§ **THE PROBLEM**:
Print out the data that follows exactly, character for character, apart from the pictures.

§ **SUPPLIED INFORMATION**:
··········
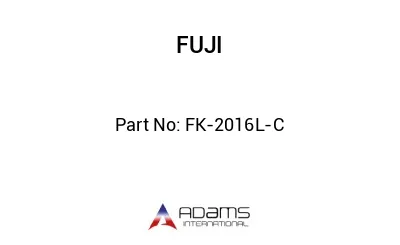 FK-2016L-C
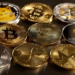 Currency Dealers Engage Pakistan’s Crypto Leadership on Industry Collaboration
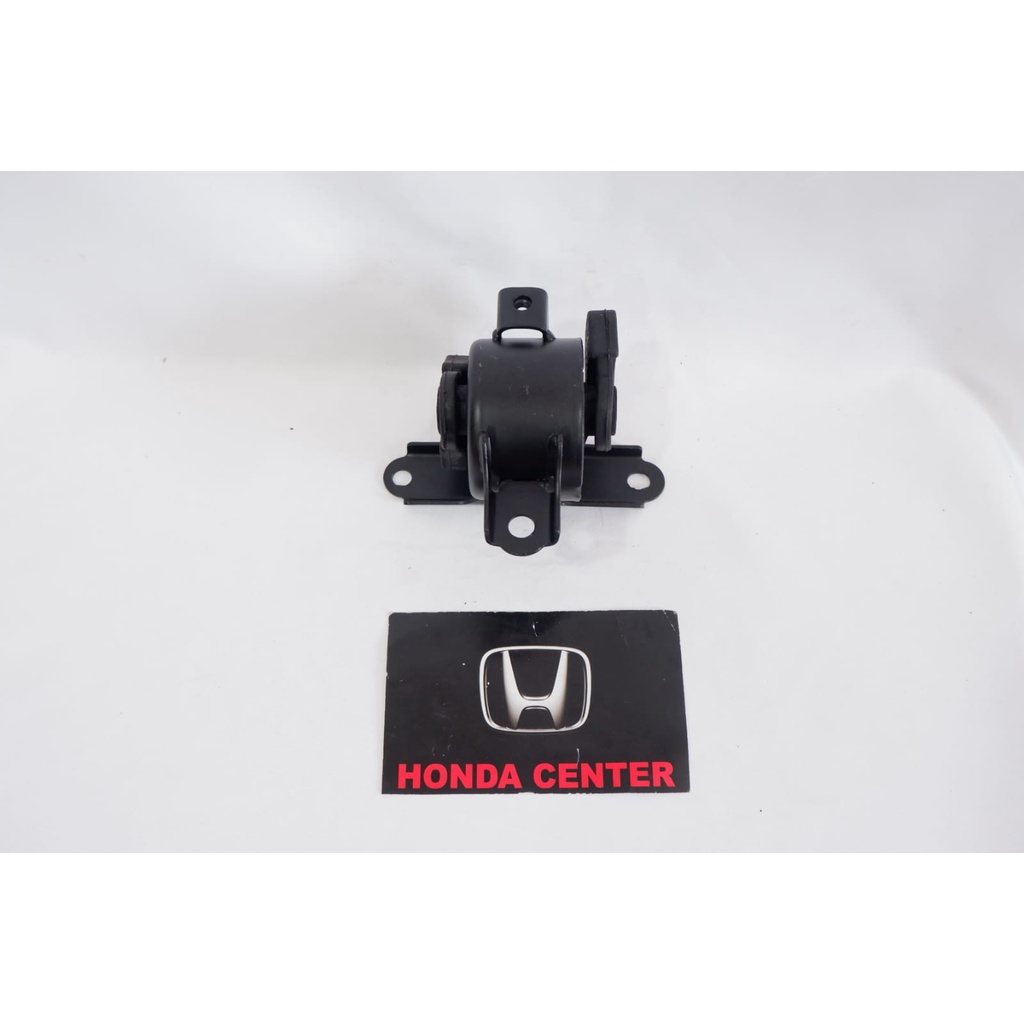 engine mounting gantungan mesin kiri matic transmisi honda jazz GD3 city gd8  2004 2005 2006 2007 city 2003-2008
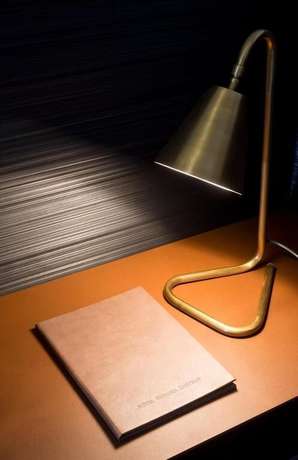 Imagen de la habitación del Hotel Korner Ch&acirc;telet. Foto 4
··········
§ **ANSWER BOX**:
 FK-2016L-C
 Currency Dealers Engage Pakistan’s Crypto Leadership on Industry Collaboration
 engine mounting gantungan mesin kiri matic transmisi honda jazz GD3 city gd8  2004 2005 2006 2007 city 2003-2008
 Imagen de la habitación del Hotel Korner Ch&acirc;telet. Foto 4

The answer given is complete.